DynamoDB targets workloads fitting into the Scale-First and Simple Structured storage categories where NoSQL database systems have been so popular over the last few years. Looking at these two categories in more detail, Scale-First is:
Scale-first applications are those that absolutely must scale without bound and being able to do this without restriction is much more important than more features. These applications are exemplified by very high scale web sites such as Facebook, MySpace, Gmail, Yahoo, and Amazon.com. Some of these sites actually do make use of relational databases but many do not. The common theme across all of these services is that scale is more important than features and none of them could possibly run on a single RDBMS. As soon as a single RDBMS instance won’t handle the workload, there are two broad possibilities: 1) shard the application data over a large number of RDBMS systems, or 2) use a highly scalable key-value store.
And, Simple Structured Storage:
There are many applications that have a structured storage requirement but they really don’t need the features, cost, or complexity of an RDBMS. Nor are they focused on the scale required by the scale-first structured storage segment. They just need a simple key value store. A file system or BLOB-store is not sufficiently rich in that simple query and index access is needed but nothing even close to the full set of RDBMS features is needed. Simple, cheap, fast, and low operational burden are the most important requirements of this segment of the market.
More detail at: One Size Does Not Fit All.
The DynamoDB service is a unified purpose-built hardware platform and software offering. The hardware is based upon a custom server design using Flash Storage spread over a scalable high speed network joining multiple data centers.
DynamoDB supports a provisioned throughput model. A DynamoDB application programmer decides the number of database requests per second their application should be capable of supporting and DynamoDB automatically spreads the table over an appropriate number of servers. At the same time, it also reserves the required network, server, and flash memory capacity to ensure that request rate can be reliably delivered day and night, week after week, and year after year. There is no need to worry about a neighboring application getting busy or running wild and taking all the needed resources. They are reserved and there whenever needed.
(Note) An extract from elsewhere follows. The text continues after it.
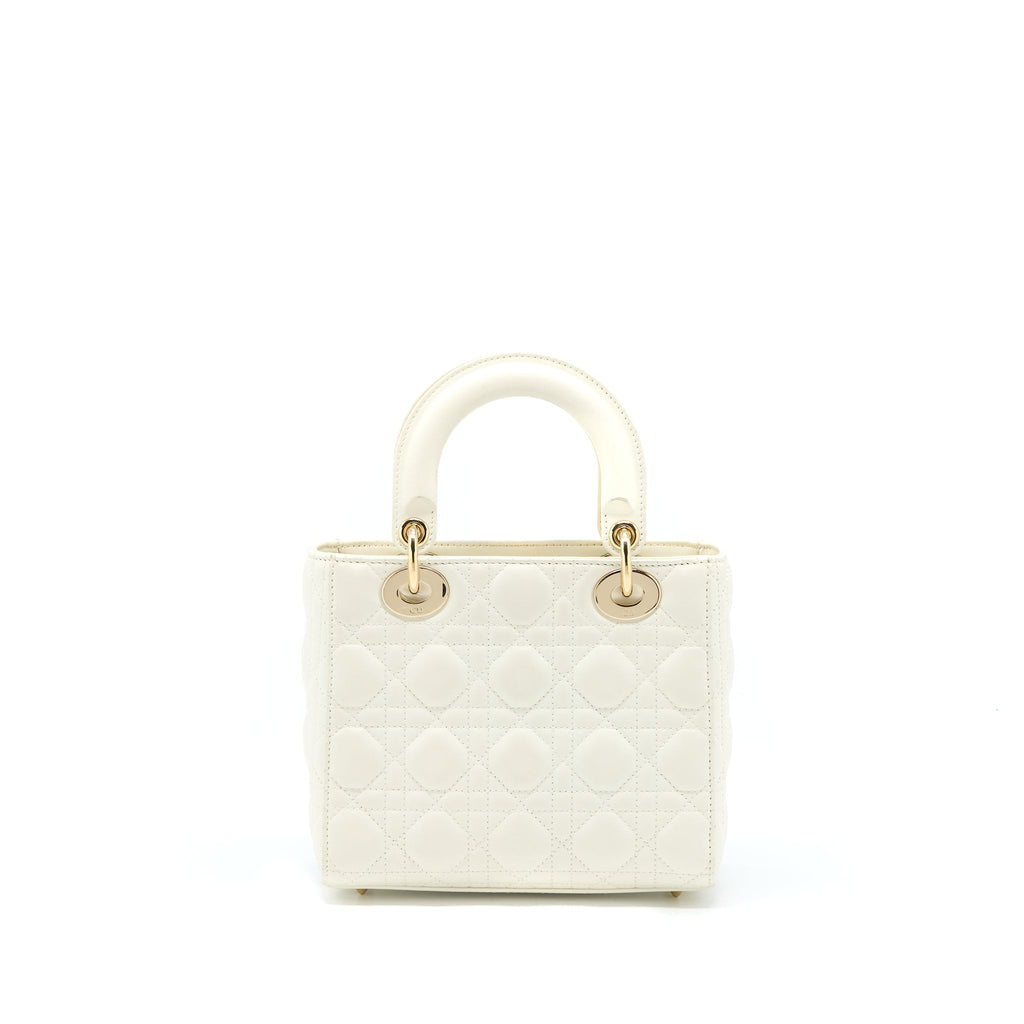 DIOR SMALL LADY DIOR LAMBSKIN WHITE LGHW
The sharding techniques needed to achieve high requests rates are well understood industry-wide but implementing them does take some work. Reliably
reserving capacity so it is always there when you need it, takes yet more work. Supporting the ability to allocate more resources, or even less, while online and without disturbing the current request rate takes still more work. DynamoDB makes all this easy. It supports online scaling between very low transaction rates to applications requiring millions of requests per second. No downtime and no disturbance to the currently configured application request rate while resharding. These changes are done online only by changing the DynamoDB provisioned request rate up and down through an API call.In addition to supporting transparent, on-line scaling of provisioned request rates up and down over 6+ orders of magnitude with resource reservation, DynamoDB is also both consistent and multi-datacenter redundant. Eventual consistency is a fine programming model for some applications but it can yield confusing results under some circumstances. For example, if you set a value to 3 and then later set it to 4, then read it back, 3 can be returned. Worse, the value could be set to 4, verified to be 4 by reading it, and yet 3 could be returned later. It’s a tough programming model for some applications and it tends to be overused in an effort to achieve low-latency and high throughput. DynamoDB avoids forcing this by supporting low-latency and high throughout while offering full consistency. It also offers eventual consistency at lower request cost for those applications that run well with that model. Both consistency models are supported.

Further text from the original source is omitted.